#### YOUR ASSIGNMENT:
Begin at the line that has "sweet vanilla caramel", stop after the line that has "Modal Elastic Bucket", and print exactly those lines from the records below, without any pictures.
──────── LISTED RECORDS
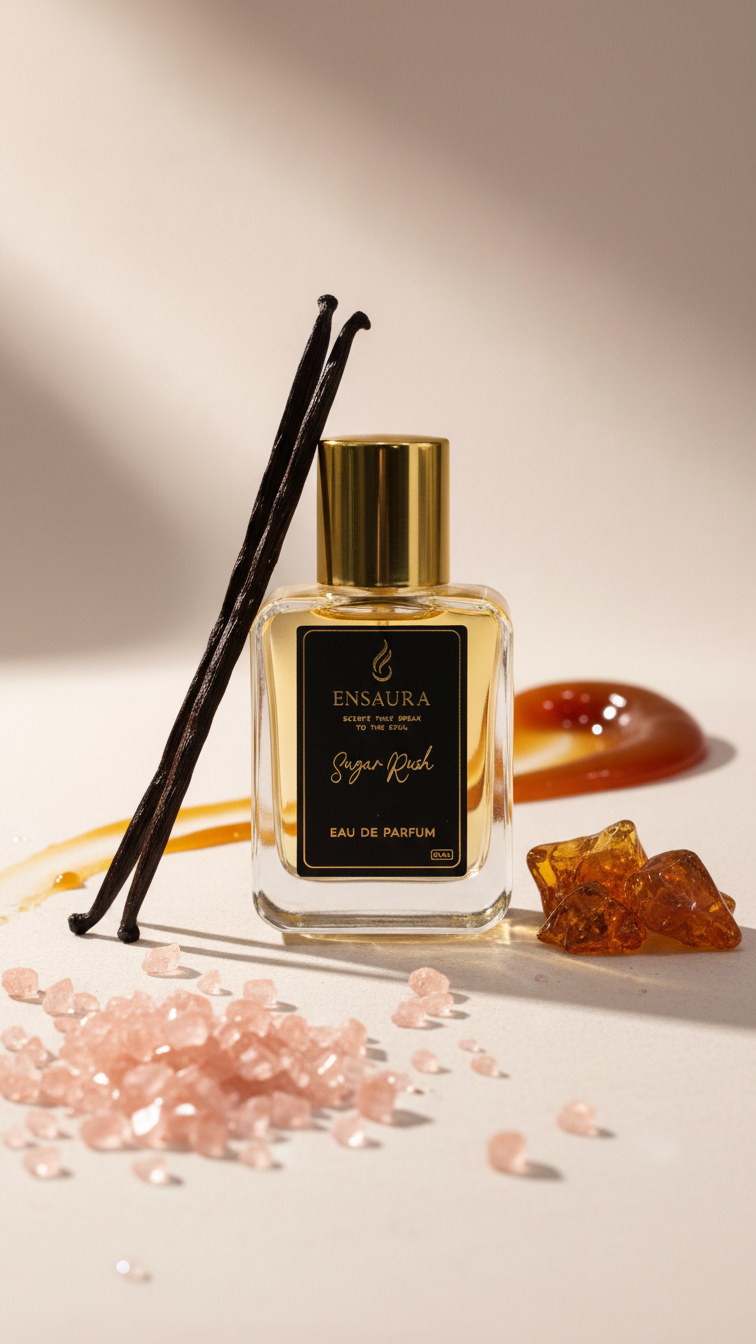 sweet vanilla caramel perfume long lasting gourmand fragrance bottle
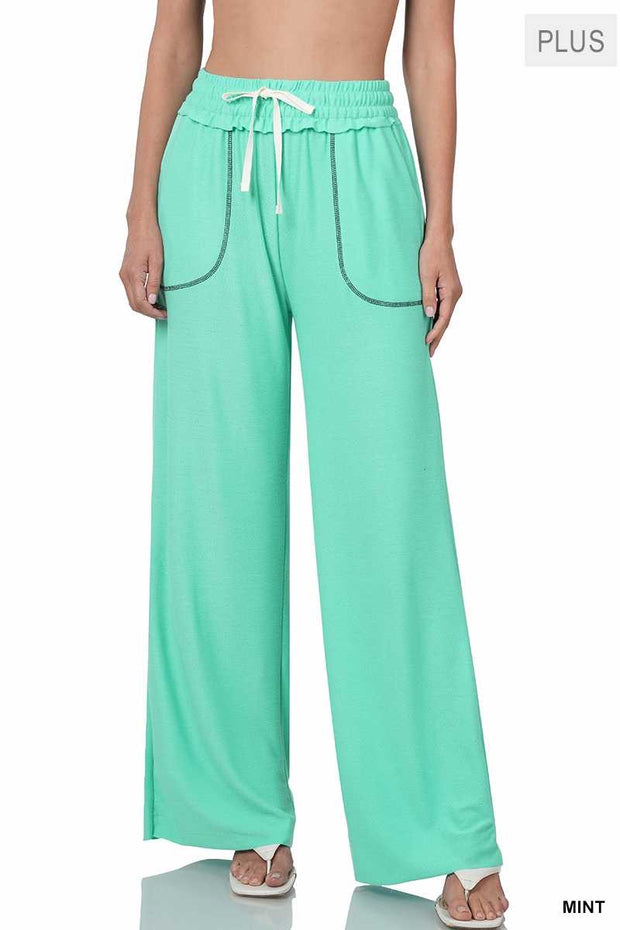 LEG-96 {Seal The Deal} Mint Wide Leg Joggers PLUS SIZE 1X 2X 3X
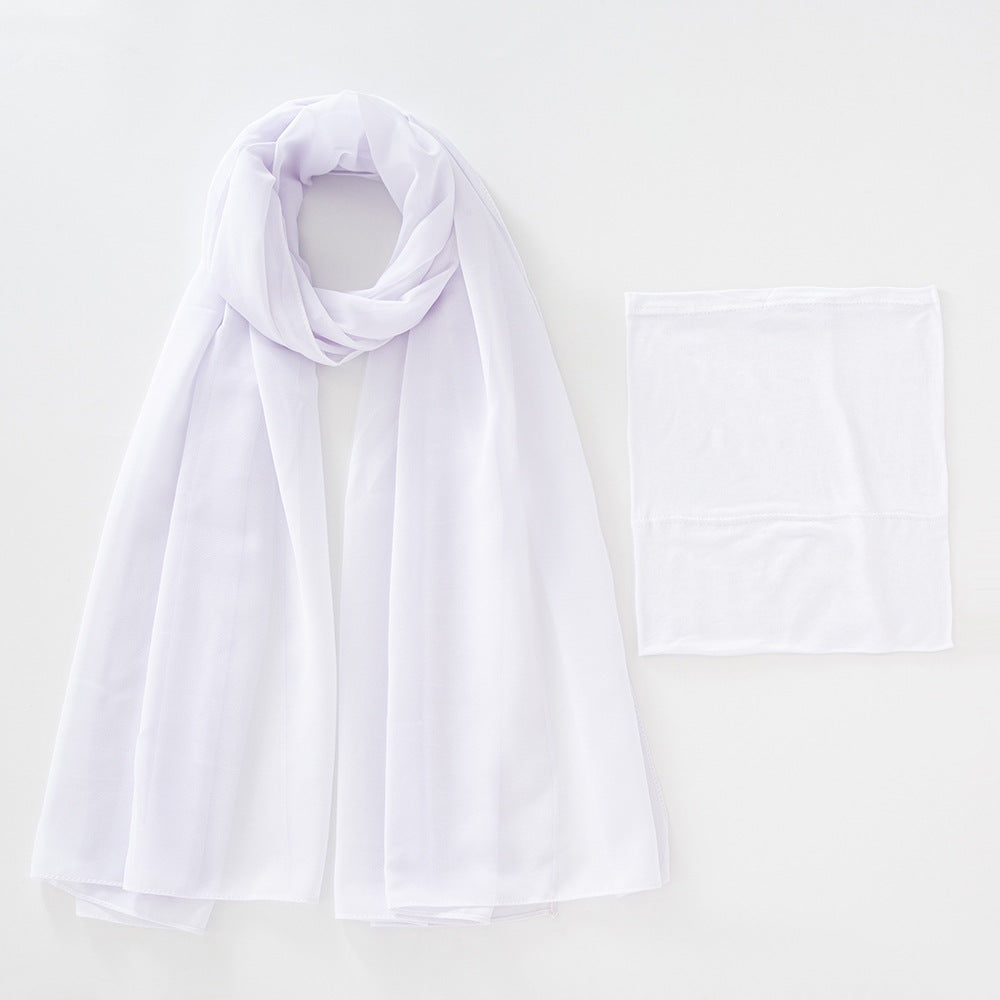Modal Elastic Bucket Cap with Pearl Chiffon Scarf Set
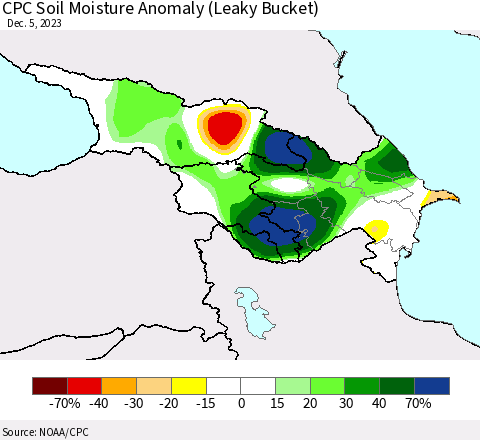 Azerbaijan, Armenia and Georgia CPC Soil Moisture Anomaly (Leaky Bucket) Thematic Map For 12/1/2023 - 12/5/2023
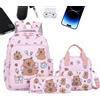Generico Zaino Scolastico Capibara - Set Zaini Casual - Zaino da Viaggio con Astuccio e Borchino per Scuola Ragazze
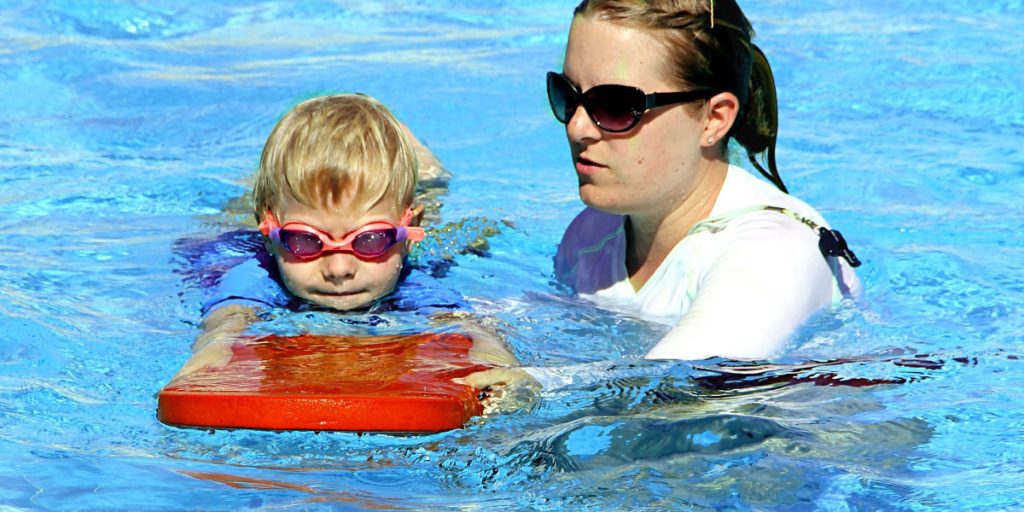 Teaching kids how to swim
────────────────
──────── LISTED RECORDS
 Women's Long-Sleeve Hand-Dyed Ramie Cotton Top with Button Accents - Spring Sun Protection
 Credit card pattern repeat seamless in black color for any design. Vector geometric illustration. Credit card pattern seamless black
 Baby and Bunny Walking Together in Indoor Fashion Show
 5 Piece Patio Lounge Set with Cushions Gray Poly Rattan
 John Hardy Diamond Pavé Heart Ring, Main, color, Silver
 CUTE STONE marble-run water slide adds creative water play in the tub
────────────────
#### RESPONSE AREA:
 sweet vanilla caramel perfume long lasting gourmand fragrance bottle
 LEG-96 {Seal The Deal} Mint Wide Leg Joggers PLUS SIZE 1X 2X 3X
Modal Elastic Bucket Cap with Pearl Chiffon Scarf Set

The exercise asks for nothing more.